If TRA = percentage of a duration AND is embedded at the task level, go to Step 2.

If TRA = fixed amount AND embedded at the task level, go to Step 3.

If TRA = flexible amount AND embedded as a large allowance, go to Step 4.

 

Step 2: TRA as a percentage of a task’s duration, applied at task level 

  1. Create a production rate:
    • TRA_Percentage: this is the percentage of TRA you would like for tasks. You can make multiple rates for different types of tasks
  2. Create UDFs: 
    • TRA_Duration: this is the duration of TRA for each task calculated as a percentage of the the task duration (e.g. 10% TRA on a 20 day task = 2 days)
    • We can make this input a formula where
    • TRA_Duration = task duration x (TRA_Percentage/100)
  3. Update the Planned Duration formula
  4. Add the TRA_Duration to the Planned Duration formula to ensure the TRA duration is embedded at task level. For example:
    • Planned Duration = (duration calculation or fixed duration) + TRA_Duration
    • This can be added to all or selected activities

To take this a step further, scenarios can be run by altering the TRA. For example, changing the TRA percentage to see the impact on the end date, as well as auto calculating the total TRA for the project. 
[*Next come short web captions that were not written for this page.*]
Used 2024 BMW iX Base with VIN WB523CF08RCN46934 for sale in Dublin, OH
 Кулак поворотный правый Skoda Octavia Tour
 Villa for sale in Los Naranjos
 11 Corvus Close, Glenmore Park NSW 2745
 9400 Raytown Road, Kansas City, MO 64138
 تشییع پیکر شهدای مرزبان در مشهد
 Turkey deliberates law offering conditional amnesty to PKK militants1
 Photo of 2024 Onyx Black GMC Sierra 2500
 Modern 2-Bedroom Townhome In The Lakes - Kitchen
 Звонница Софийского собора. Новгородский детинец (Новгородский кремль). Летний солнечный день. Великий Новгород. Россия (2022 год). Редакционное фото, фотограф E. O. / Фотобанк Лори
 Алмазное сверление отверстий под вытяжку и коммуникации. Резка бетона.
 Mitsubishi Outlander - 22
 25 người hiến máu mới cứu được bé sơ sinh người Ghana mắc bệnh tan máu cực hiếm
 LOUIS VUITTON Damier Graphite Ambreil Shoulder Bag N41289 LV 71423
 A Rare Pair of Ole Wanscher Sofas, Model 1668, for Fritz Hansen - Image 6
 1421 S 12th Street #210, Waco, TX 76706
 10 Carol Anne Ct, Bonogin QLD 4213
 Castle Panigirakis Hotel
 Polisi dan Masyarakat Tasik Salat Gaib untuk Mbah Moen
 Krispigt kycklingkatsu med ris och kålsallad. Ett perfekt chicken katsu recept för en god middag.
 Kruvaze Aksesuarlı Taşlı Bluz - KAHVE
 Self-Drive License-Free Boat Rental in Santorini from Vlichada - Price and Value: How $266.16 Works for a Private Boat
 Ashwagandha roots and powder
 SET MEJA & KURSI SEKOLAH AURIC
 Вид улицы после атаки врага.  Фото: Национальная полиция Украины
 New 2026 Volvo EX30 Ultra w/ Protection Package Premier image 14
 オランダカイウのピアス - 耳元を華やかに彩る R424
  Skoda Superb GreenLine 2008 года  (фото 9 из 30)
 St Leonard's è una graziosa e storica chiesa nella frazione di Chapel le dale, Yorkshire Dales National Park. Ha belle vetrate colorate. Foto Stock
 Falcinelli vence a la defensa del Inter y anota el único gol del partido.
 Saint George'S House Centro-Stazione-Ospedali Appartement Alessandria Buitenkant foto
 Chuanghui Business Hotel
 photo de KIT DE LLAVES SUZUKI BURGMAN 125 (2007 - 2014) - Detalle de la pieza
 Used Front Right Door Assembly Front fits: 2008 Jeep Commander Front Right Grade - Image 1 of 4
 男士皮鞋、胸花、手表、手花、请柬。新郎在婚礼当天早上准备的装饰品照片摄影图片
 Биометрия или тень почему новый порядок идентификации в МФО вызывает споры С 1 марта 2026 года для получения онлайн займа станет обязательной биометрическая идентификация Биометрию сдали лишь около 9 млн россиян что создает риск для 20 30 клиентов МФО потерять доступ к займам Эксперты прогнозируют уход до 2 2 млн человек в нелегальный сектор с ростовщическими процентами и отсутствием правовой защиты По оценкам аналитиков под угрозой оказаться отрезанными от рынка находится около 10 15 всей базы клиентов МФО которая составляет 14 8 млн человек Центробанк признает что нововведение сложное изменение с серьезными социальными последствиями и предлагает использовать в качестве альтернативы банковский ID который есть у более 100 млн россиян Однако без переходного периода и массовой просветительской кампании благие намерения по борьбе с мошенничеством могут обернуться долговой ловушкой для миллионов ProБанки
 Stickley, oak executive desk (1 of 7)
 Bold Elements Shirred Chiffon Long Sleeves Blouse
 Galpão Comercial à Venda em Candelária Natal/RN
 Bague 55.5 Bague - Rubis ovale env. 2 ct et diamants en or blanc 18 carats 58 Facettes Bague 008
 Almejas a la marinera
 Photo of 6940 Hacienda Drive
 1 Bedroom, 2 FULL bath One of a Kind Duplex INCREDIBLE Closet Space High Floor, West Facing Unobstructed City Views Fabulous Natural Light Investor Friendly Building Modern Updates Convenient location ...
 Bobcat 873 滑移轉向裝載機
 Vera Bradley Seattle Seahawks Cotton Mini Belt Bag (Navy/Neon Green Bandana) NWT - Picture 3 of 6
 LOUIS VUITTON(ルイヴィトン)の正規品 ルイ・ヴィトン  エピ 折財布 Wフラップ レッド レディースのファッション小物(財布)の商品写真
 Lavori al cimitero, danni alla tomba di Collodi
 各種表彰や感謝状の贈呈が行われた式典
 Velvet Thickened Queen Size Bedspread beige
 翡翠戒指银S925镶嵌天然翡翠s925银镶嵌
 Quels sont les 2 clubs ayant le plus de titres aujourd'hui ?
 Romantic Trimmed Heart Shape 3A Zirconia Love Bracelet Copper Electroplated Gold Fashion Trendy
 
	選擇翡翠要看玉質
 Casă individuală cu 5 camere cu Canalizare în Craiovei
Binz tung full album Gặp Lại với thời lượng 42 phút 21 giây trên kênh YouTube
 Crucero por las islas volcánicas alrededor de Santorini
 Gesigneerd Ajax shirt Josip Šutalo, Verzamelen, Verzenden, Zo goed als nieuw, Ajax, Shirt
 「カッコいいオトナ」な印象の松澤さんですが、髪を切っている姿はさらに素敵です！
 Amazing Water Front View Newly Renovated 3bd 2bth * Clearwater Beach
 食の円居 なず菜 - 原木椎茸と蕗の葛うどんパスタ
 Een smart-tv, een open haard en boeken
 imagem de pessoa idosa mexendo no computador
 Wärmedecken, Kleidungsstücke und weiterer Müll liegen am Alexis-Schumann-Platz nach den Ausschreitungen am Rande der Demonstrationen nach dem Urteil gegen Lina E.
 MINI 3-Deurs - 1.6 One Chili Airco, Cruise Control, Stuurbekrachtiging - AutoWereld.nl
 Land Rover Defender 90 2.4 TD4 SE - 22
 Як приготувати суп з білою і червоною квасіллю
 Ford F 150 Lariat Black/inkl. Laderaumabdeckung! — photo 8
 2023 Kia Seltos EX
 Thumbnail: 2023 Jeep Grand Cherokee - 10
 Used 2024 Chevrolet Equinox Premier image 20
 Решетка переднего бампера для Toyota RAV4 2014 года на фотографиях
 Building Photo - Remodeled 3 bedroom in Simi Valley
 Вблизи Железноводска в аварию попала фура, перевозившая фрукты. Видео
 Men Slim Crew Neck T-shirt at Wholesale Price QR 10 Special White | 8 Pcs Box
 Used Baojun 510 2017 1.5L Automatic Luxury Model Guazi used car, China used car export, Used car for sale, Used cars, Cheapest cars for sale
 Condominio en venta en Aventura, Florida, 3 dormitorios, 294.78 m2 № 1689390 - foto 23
Here are all examples of the different formulas you can use to calculate your Planned Duration:

Planned Duration = Task Duration + TRA_duration
Planned Duration = Task Duration + (Task Duration x TRA_Percentage/100)
Planned Duration = Task Duration (1 + TRA_Percentage/100)
where Task Duration = Parametric Duration Calculation or Fixed Value Duration

 

Step 3: Fixed amount of TRA, in an allowance, applied at task level, before a specific milestone or before a specific activity

  1. Create an activity called TRA and set a fixed duration, link logic appropriately in the schedule.
  2. Schedule the plan and see the impact of the TRA on the succeeding activities or milestones.
  3. ‘Isolate the path’ to the TRA activity and focus on parameterizing activities preceding the TRA.
  4. A more advanced alternative would be to make the milestone succeeding the TRA activity “start on or before”. In this method, the ALICE algorithm will emphasize having the milestone start on the specified start date.

 

Step 4: Flexible amount of TRA, in an allowance, before a specific milestone

  1. Similar to Step 3, with your activity called TRA, change the task type to a “level of effort” task (LOE task). Link it between activities and the key milestone where you want to show the TRA. This LOE task will stretch between the preceding activities and the milestone and is a dynamic way to quantify TRA.

Note: If the succeeding activities or milestones are not constrained, the LOE task will collapse to zero.